TASK STATEMENT >> When you copy the material below, keep every line exact and leave each picture out.

INPUT DATA >>
"""

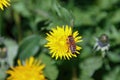 hard working wild bee crawling on ryltse of chamomile flower and collects nectar for honey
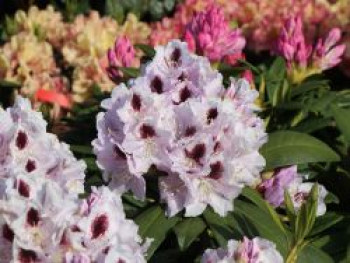 Rhododendron 'Calsap', 30-40 cm, Rhododendron Hybride 'Calsap', Containerware von Rhododendron Hybride 'Calsap'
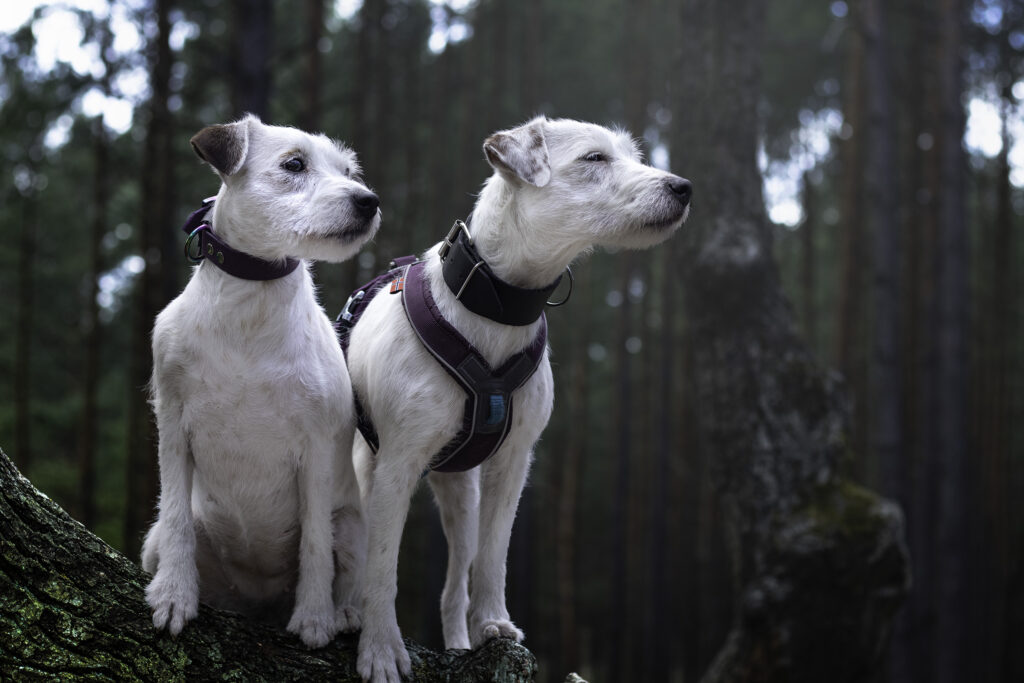 parson russell terrier w lesie - hodowla Grey Vanilla FCI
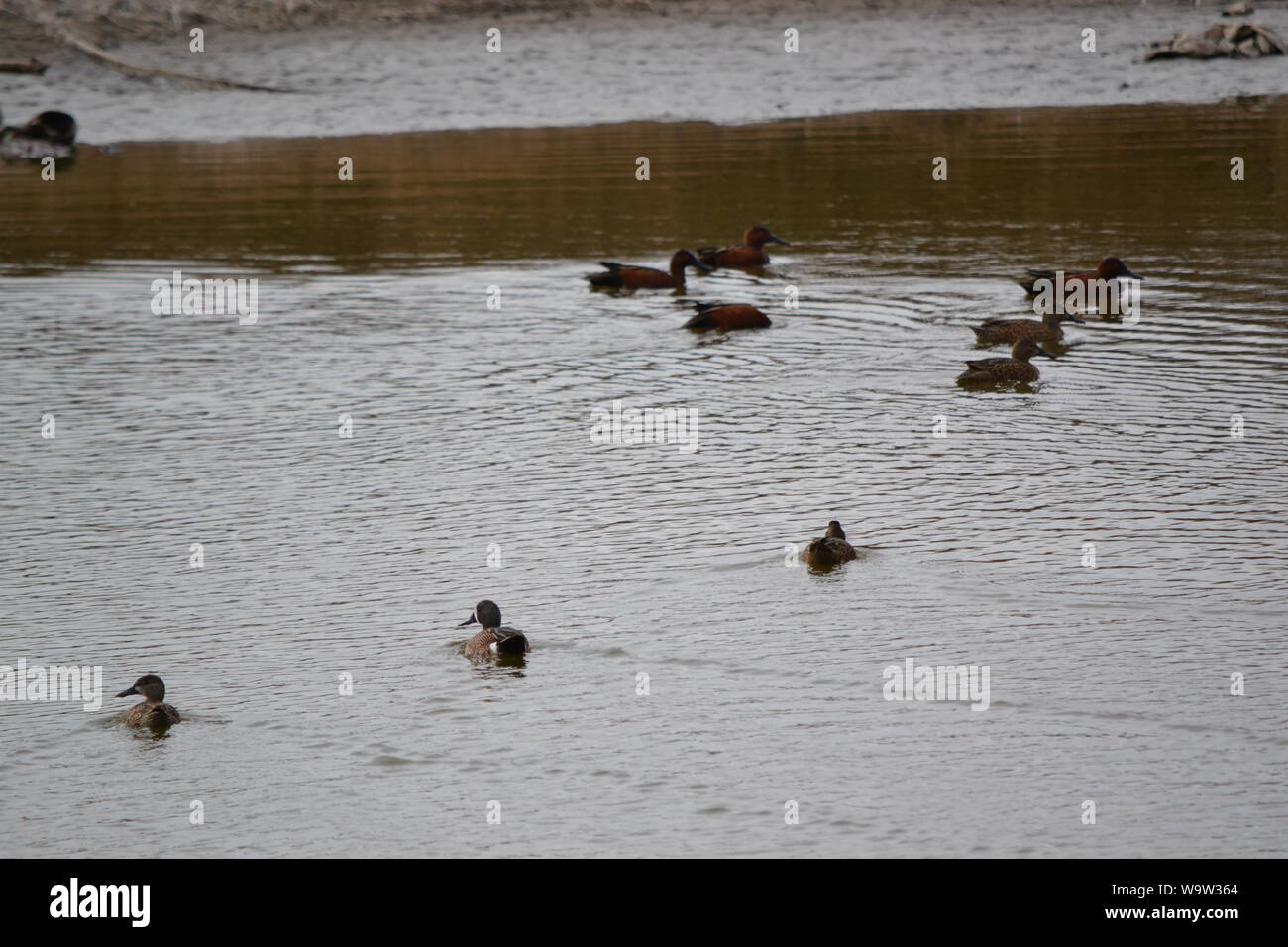 Ducks at a swamp/lake in Aguascalientes, México. Stock Photo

"""

OUTPUT BELOW >>
 hard working wild bee crawling on ryltse of chamomile flower and collects nectar for honey
 Rhododendron 'Calsap', 30-40 cm, Rhododendron Hybride 'Calsap', Containerware von Rhododendron Hybride 'Calsap'
 parson russell terrier w lesie - hodowla Grey Vanilla FCI
 Ducks at a swamp/lake in Aguascalientes, México. Stock Photo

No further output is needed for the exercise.